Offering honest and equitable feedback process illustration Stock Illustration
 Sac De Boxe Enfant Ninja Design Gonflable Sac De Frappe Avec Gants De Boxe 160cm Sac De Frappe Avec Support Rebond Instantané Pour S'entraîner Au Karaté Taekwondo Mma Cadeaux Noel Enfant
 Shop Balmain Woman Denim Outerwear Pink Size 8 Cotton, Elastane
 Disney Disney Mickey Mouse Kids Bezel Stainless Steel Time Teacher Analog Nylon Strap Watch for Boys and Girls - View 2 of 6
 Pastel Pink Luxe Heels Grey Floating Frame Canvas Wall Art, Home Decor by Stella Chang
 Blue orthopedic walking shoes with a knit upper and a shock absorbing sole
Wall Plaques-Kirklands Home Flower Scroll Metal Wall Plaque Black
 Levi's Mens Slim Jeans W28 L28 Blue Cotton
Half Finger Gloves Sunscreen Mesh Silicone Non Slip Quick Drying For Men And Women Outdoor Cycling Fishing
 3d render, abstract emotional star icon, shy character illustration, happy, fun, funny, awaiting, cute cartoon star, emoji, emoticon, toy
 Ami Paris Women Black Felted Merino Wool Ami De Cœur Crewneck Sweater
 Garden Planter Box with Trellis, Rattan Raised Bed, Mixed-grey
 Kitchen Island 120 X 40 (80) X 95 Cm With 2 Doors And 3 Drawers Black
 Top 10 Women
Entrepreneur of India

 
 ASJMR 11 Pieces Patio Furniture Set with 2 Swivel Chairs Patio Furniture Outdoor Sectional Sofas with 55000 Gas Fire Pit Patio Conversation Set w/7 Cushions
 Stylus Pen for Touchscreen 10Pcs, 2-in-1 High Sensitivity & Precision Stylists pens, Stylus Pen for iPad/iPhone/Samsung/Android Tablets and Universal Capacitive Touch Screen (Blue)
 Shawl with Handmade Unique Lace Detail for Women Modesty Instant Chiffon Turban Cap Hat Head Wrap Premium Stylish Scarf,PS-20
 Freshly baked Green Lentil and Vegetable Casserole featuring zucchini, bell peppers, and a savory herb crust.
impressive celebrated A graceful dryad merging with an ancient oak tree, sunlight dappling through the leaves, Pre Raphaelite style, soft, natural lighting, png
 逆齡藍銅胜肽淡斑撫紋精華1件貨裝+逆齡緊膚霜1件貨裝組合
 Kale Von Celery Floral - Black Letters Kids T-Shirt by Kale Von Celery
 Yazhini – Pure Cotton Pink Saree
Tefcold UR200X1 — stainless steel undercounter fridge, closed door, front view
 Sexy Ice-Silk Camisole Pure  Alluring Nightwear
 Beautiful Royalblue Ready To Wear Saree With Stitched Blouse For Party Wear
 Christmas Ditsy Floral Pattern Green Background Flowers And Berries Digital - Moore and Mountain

________________________

Only the lines above from the line containing "Levi's Mens Slim Jeans W28 L28 Blue Cotton" through the line containing "Garden Planter Box" should be retyped, exactly and with both ends included.

▶ _Final answer_:
 Levi's Mens Slim Jeans W28 L28 Blue Cotton
Half Finger Gloves Sunscreen Mesh Silicone Non Slip Quick Drying For Men And Women Outdoor Cycling Fishing
 3d render, abstract emotional star icon, shy character illustration, happy, fun, funny, awaiting, cute cartoon star, emoji, emoticon, toy
 Ami Paris Women Black Felted Merino Wool Ami De Cœur Crewneck Sweater
 Garden Planter Box with Trellis, Rattan Raised Bed, Mixed-grey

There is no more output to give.